Friday, July 13th 2007 at 8:07 pm
Yeh your friend sounds like she’s in the
same boat you’re in. But she thinks finding a guy and getting married to him is going to solve everything, but it’s not. What’s so sad is that her parents could care less about her feelings. They’re only thinking of themselves.
Friday, July 13th 2007 at 9:03 pm
yep.. I agree with you!
Saturday, July 14th 2007 at 2:59 am
I really liked the ending words, anyway, I like the new theme also, mabrook
Saturday, July 14th 2007 at 3:03 am
I wanna ask you something, I created a gravatar and assigned it to my email, why it couldn’t be shown on ur blog ?! any help ?!
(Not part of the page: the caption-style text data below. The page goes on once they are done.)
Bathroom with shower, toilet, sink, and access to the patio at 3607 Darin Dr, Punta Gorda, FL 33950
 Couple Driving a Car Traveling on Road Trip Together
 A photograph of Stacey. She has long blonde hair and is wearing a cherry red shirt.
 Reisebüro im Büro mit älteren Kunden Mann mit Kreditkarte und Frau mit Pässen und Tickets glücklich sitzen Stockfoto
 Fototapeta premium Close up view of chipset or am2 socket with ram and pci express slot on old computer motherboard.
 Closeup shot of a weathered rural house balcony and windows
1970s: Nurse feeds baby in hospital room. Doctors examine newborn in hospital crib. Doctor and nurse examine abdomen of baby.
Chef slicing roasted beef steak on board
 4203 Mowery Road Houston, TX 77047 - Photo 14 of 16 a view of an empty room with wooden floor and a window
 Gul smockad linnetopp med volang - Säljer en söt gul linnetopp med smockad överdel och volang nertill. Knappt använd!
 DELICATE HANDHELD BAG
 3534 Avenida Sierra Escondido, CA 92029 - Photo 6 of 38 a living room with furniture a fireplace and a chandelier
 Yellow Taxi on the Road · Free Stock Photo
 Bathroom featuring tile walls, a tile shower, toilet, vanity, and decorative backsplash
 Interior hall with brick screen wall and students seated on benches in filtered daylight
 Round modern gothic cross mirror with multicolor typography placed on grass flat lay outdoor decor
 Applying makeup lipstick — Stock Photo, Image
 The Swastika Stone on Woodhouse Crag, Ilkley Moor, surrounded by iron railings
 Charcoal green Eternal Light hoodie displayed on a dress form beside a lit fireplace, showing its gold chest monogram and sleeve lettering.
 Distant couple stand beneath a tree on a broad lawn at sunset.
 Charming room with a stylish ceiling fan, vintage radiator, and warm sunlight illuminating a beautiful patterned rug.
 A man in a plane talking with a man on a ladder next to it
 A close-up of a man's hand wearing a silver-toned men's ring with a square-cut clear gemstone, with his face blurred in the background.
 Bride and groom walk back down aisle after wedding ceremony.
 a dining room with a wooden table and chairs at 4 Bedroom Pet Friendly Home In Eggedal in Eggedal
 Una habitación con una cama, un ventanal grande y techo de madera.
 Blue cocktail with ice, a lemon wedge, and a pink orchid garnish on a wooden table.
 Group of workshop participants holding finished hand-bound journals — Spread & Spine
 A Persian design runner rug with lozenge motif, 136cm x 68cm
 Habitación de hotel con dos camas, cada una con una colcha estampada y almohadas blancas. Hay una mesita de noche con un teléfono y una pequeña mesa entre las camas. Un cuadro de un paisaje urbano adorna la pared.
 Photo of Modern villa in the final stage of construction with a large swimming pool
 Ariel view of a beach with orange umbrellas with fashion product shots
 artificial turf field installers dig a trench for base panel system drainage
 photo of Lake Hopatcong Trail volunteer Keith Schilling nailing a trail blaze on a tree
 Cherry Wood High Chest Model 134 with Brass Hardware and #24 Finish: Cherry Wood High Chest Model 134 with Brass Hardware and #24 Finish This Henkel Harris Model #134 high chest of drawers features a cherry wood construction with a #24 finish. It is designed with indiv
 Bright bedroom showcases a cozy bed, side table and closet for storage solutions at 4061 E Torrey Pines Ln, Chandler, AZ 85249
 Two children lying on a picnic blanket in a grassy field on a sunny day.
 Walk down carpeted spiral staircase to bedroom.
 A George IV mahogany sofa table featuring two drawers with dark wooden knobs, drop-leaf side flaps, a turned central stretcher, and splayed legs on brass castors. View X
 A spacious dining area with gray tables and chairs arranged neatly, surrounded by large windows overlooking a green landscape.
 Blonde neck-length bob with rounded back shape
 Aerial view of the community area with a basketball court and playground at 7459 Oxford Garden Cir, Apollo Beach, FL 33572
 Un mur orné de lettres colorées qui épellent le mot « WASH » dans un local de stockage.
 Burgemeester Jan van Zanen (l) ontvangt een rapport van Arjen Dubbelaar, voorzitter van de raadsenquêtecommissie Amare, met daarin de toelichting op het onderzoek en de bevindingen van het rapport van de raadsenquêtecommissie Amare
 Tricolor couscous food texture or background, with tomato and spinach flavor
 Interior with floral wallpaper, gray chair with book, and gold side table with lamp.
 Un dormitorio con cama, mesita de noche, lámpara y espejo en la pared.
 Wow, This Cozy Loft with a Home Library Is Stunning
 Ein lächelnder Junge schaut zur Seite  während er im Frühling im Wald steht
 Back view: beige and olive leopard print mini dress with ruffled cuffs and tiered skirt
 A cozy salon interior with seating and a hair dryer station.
Saturday, July 14th 2007 at 7:47 am
hey gradly.. I am not sure about the gravatar.. I really don’t like that site.. I tried to change my picture and it didn’t.. so I don’t know.. maybe try again.. :S
Monday, July 16th 2007 at 5:24 pm
She is just a minority, most girls like the ones they marry, even if their family help them find them…she should accept her parents wisdom and not become a western slut.
Monday, July 16th 2007 at 5:32 pm
I find it funny that you used the word slut and your preaching Islam.